A message queue is a buffer-like object through which tasks and ISRs send and receive messages to communicate and synchornize with data. A message queue is like a pipeline. It temporarily holds messages from a sender until the intended receiver is ready to read them. This temporary buffering decouples a sending and receiving task; that is, it frees the tasks from having to send and receive messages simultaneously.
As with semaphore introduced in Chapter 6, a message queue has several associated components that the kernel uses to manage the queue. When a message queue is first created, it is assigned an associated queue control block (QCB), a message queue name, a unique ID, memory buffers, a queue length, a maximum message length, and one or more task-waiting lists, as illustrated in Figure 7.1.
Figure 7.1: A message queue, its associated parameters, and supporting data structures.
It is the kernel’s job to assign a unique ID to a message queue and to create its QCB and task-waiting list. The kernel also takes developer-supplied parameters-such as the length of the queue and the maximum message length-to determine how much memory is required for the message queue. After the kernel has this information, it allocates memory for the message queue from either a pool of system memory or some private memory space.
The message queue itself consists of a number of elements, each of which can hold a single message. The elements holding the first and last messages are called the head and tail respectively. Some elements of the queue may be empty (not containing a message). The total number of elements (empty or not) in the queue is the total length of the queue. The developer specified the queue length when the queue was created.
As Figure 7.1 shows, a message queue has two associated task-waiting lists. The receiving task-waiting list consists of tasks that wait on the queue when it is empty. The sending list consists of tasks that wait on the queue when it is full. Empty and full message-queue states, as well as other key concepts, are discussed in more detail next.

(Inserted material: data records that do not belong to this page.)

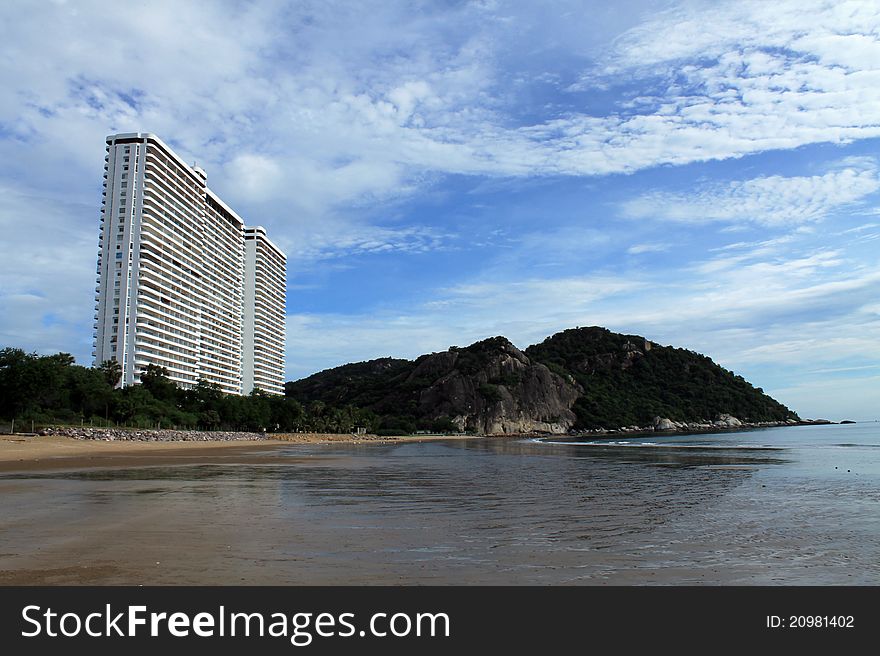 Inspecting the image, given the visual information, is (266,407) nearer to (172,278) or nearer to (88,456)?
(172,278)

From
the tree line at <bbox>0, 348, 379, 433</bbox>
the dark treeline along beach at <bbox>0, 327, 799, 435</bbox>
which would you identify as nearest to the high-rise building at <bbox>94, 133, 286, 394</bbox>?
the dark treeline along beach at <bbox>0, 327, 799, 435</bbox>

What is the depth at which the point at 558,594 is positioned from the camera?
7.29 m

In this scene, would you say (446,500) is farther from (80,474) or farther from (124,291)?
(124,291)

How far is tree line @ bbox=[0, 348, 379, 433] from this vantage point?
6119 centimetres

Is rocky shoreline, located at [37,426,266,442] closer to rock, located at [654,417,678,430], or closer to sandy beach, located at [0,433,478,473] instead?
sandy beach, located at [0,433,478,473]

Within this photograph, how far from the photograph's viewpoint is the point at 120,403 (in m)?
77.4

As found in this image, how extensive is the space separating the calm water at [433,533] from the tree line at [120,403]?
47.5 meters

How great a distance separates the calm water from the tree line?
156 ft

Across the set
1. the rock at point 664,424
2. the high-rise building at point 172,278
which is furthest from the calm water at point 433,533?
the rock at point 664,424

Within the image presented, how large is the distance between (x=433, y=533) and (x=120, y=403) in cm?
7728

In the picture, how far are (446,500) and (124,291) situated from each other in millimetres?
111005

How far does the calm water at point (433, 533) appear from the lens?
818 cm

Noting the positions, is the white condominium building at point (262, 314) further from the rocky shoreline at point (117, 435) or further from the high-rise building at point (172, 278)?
the rocky shoreline at point (117, 435)

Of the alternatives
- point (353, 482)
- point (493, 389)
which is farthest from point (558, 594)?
point (493, 389) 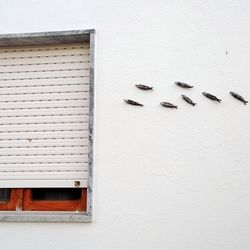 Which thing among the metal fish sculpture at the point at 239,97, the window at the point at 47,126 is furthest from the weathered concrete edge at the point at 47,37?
the metal fish sculpture at the point at 239,97

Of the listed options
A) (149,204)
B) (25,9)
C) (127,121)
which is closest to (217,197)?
(149,204)

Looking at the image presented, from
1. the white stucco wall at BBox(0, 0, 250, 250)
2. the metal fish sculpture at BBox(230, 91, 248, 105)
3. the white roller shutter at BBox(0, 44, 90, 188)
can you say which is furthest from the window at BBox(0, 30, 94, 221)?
the metal fish sculpture at BBox(230, 91, 248, 105)

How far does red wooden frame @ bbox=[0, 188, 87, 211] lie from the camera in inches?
153

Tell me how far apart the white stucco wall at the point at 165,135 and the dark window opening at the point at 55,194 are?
313 mm

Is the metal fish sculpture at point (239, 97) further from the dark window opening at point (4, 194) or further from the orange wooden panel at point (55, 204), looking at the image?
the dark window opening at point (4, 194)

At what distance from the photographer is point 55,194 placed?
396 centimetres

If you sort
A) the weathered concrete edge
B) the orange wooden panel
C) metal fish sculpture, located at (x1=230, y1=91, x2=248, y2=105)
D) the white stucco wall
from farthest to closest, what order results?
1. the weathered concrete edge
2. the orange wooden panel
3. metal fish sculpture, located at (x1=230, y1=91, x2=248, y2=105)
4. the white stucco wall

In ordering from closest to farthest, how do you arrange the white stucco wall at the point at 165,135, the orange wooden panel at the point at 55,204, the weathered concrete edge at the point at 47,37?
the white stucco wall at the point at 165,135 → the orange wooden panel at the point at 55,204 → the weathered concrete edge at the point at 47,37

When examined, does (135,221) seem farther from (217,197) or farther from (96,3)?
(96,3)

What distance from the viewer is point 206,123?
3.72 m

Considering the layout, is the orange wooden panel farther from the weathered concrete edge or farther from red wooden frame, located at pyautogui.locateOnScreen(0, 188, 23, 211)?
the weathered concrete edge

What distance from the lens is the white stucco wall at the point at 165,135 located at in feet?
11.8


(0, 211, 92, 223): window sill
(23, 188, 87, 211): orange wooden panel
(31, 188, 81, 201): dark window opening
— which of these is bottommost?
(0, 211, 92, 223): window sill

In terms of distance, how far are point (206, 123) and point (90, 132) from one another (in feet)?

As with other kernel objects, message queues follow the logic of a simple FSM, as shown in Figure 7.2 When a message queue is first created, the FSM is in the empty state. If a task attempts to receive messages from this message queue while the queue is empty, the task blocks and, if it chooses to, is held on the message queue's task-waiting list, in either a FIFO or priority-based order.
Figure 7.2: The state diagram for a message queue.
In this scenario, if another task sends a message to the message queue, the message is delivered directly to the blocked task. The blocked task is then removed from the task-waiting list and moved to either the ready or the running state. The message queue in this case remains empty because it has successfully delivered the message.
If another message is sent to the same message queue and no tasks are waiting in the message queue's task-waiting list, the message queue's state becomes not empty.
As additional messages arrive at the queue, the queue eventually fills up until it has exhausted its free space. At this point, the number of messages in the queue is equal to the queue's length, and the message queue's state becomes full. While a message queue is in this state, any task sending messages to it will not be successful unless some other task first requests a message from that queue, thus freeing a queue element.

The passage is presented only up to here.